Reproduces the toolchain currently provided by ghcr.io/suvarchal/fesom2-ci
(ubuntu 22.04 + gfortran/openmpi/netcdf/hdf5/lapack + OASIS3-MCT cmake-built
to /oasis) and adds an XIOS 2.5 install at /xios so the FESOM XIOS-on
build path can be exercised in CI. The repo's existing docker-publish.yml
auto-discovers this directory and publishes ghcr.io/fesom/fesom2_docker:fesom2_ci-*.
@JanStreffing JanStreffing requested a review from koldunovn May 1, 2026 17:05
@JanStreffing JanStreffing marked this pull request as draft May 1, 2026 17:06
@JanStreffing JanStreffing self-assigned this May 1, 2026
The upstream arch-GCC_LINUX.env hard-codes $HOME/hdf5 and $HOME/netcdf4
which doesn't exist in this image. Sourcing it from make_xios overrides
any ENV we set in the Dockerfile, so we have to rewrite the file in place
to point at the Ubuntu serial library paths before invoking make_xios.
GHA runners can't reach gitlab.dkrz.de (the original Dockerfile failed at
'git clone --depth 1 ...oasis3-mct.git' with exit 128).

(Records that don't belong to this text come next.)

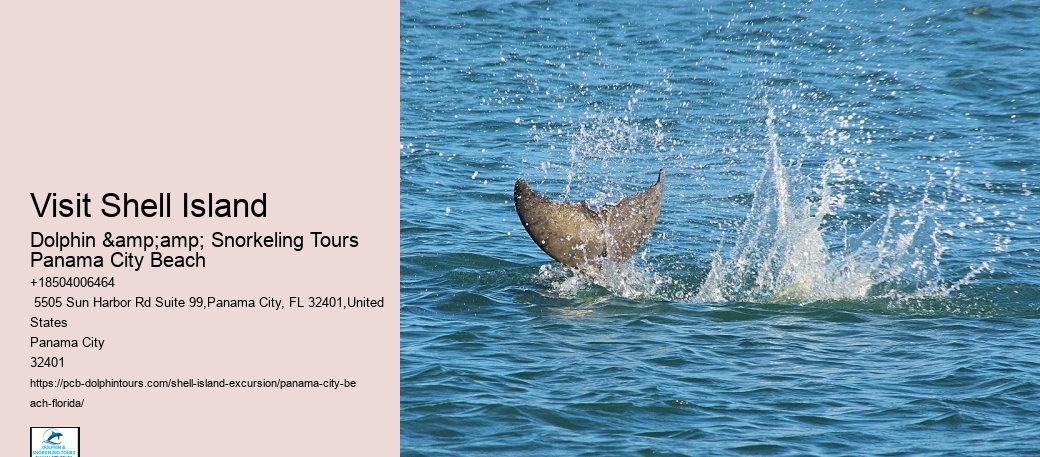  Shell Island Wildlife Tours FL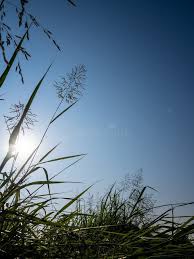Image result for Phragmites karka
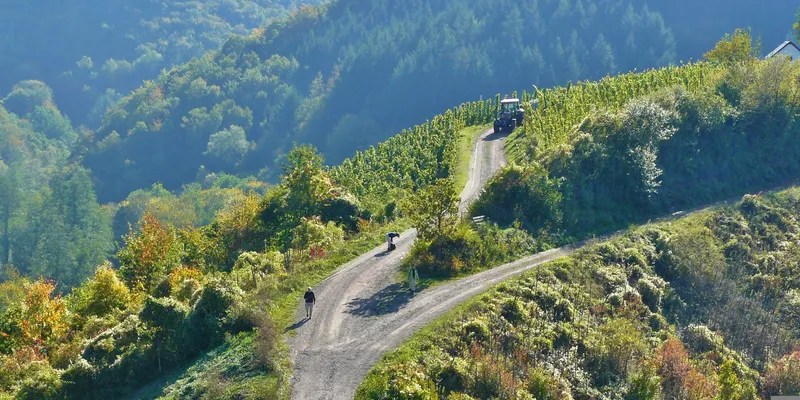 ADFC-Ranking 2026: Zwei der schönsten Radwege Deutschlands führen durch Franken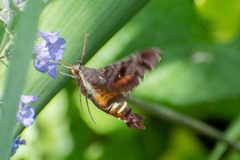 Amphion floridensis by (c) Andrew Hrycyna, some rights reserved (CC BY), uploaded by Andrew Hrycyna. Used under a CC-BY license.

Suvarchal's image
worked around this by COPYing source from the build context, so do the same:
commit OASIS3-MCT (4.7 MB) and a trimmed XIOS 2.5 (20 MB) tree next to the
Dockerfile, switch from 'git clone' to 'COPY'.

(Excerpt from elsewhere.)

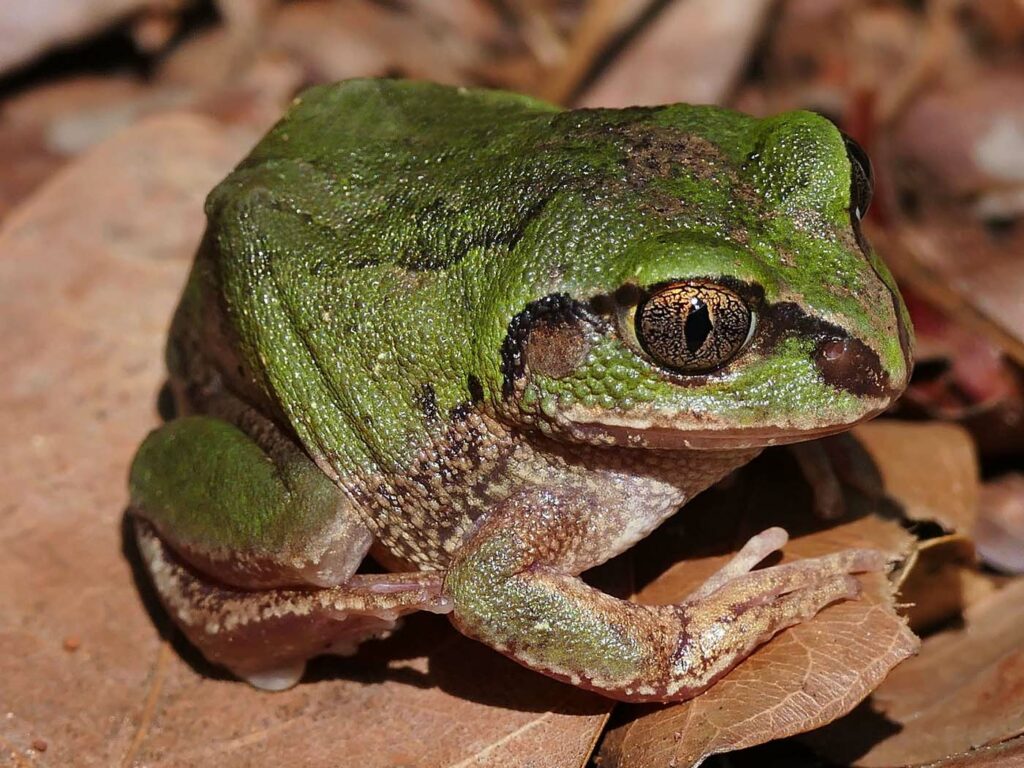 Leptopelis parbocagei André van Hecke - Zambia frogs wildlife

XIOS trimming to fit the repo:
  - extern/boost (65 MB) -> use system libboost-dev via --use_extern_boost
  - extern/blitz (3 MB)  -> use system libblitz0-dev via --use_extern_blitz
  - tools/FCM_OLD        -> use FCM_NEW via --fcm new
  - tools/archive/, inputs/, doc/, generic_testcase/, xios_test_suite/
    -> dead weight for a build-only image

Source: gitlab.dkrz.de/ec-earth/{oasis3-mct,xios-2.5-ece} HEAD as of today,
mirrored from a Levante checkout (which can reach DKRZ).
The dkrz ec-earth/oasis3-mct.git fork is the older Makefile-only OASIS3-MCT
(no CMakeLists.txt at the root), which is why the previous Dockerfile build
failed with 'cmake ../' exit 1. The CMake-enabled OASIS used by the awiesm3
stack lives at git.smhi.se/jan.streffing/oasis3-mct-5; baking in the
local_combined_fixes branch (HEAD 6ca32854) since that's what FESOM2 in
awiesm3-develop is currently linked against.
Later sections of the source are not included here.